Tools are limited to a Python interpreter; tasks requiring external knowledge (e.g., real-world fact-checking) may still result in missed detections.
There is no explicit negotiation mechanism between the dual agents; they currently score independently before aggregation, potentially leaving "systemic blind spots."

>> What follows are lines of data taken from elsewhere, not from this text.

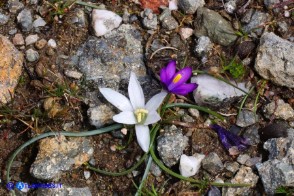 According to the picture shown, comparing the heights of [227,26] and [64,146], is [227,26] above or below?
above

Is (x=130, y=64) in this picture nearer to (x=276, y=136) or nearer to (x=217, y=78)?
(x=217, y=78)

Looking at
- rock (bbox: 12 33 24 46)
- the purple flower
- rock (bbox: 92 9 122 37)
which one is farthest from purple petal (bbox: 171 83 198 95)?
rock (bbox: 12 33 24 46)

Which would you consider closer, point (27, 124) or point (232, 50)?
point (27, 124)

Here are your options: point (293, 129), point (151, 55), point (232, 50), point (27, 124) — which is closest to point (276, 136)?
point (293, 129)

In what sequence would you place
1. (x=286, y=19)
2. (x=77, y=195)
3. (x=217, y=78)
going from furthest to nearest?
(x=286, y=19)
(x=217, y=78)
(x=77, y=195)

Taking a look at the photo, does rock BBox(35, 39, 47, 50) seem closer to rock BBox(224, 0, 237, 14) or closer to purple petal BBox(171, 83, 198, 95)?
purple petal BBox(171, 83, 198, 95)

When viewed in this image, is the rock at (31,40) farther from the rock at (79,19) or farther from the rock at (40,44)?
the rock at (79,19)

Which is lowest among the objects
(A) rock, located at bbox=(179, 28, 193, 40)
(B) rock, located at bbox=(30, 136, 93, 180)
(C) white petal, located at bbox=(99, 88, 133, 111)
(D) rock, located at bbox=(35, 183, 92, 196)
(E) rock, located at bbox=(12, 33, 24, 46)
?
(D) rock, located at bbox=(35, 183, 92, 196) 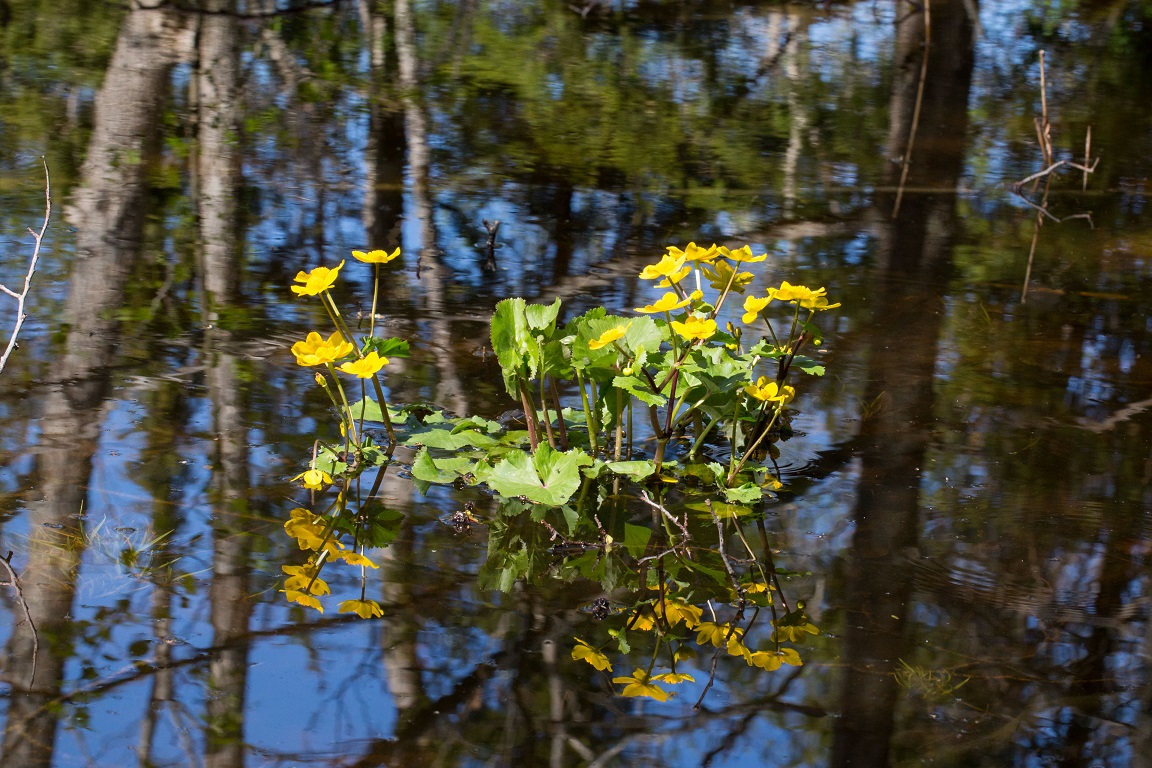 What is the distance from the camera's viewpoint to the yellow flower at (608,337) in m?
2.75

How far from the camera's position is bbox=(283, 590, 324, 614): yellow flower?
2382 millimetres

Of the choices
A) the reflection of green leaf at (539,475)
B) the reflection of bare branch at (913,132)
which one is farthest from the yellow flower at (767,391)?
the reflection of bare branch at (913,132)

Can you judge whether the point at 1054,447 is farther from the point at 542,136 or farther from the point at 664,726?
the point at 542,136

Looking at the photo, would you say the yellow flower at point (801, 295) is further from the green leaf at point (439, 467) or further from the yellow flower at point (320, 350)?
the yellow flower at point (320, 350)

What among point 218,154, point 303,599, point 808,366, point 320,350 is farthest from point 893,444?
point 218,154

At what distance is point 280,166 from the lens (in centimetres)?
582

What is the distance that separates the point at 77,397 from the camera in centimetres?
323

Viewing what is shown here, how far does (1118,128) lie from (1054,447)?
17.2ft

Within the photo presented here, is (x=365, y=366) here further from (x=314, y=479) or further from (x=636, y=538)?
(x=636, y=538)

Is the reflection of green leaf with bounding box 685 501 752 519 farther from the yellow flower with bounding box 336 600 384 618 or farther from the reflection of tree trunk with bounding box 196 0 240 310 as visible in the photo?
the reflection of tree trunk with bounding box 196 0 240 310

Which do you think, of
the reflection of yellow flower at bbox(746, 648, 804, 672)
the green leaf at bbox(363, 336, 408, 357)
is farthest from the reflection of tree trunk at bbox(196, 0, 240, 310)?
the reflection of yellow flower at bbox(746, 648, 804, 672)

vs GenRM (Zhang et al., 2025): GenRM's single-turn textual judgment is easily fooled by plausible-but-wrong solutions; this work uses multi-turn, tools, and bidirectionality at the cost of 3× tokens and latency.
vs PRM (Lightman et al., 2024): PRMs provide step-level scalar supervision but lack interpretability and require dense step annotations; Ours provides readable critiques and only requires outcome-level supervision.
vs Tool-augmented RM (Li et al., 2024): Existing tool-RMs use loosely coupled tool calls; this work embeds tool calls directly into the ReAct reasoning chain, making tool results part of the decision logic.

Rating¶

Novelty: ⭐⭐⭐⭐ Combining dual agents, tools, and RL is a new paradigm in the RM field.
Experimental Thoroughness: ⭐⭐⭐⭐⭐ 4 math benchmarks + LCB + HotpotQA + scaling experiments + thorough ablations.
Writing Quality: ⭐⭐⭐⭐ Clear motivation and complete technical details.
Value: ⭐⭐⭐⭐ Results showing 4B > 70B are highly attractive for industrial deployment and chart a path for agentic RM.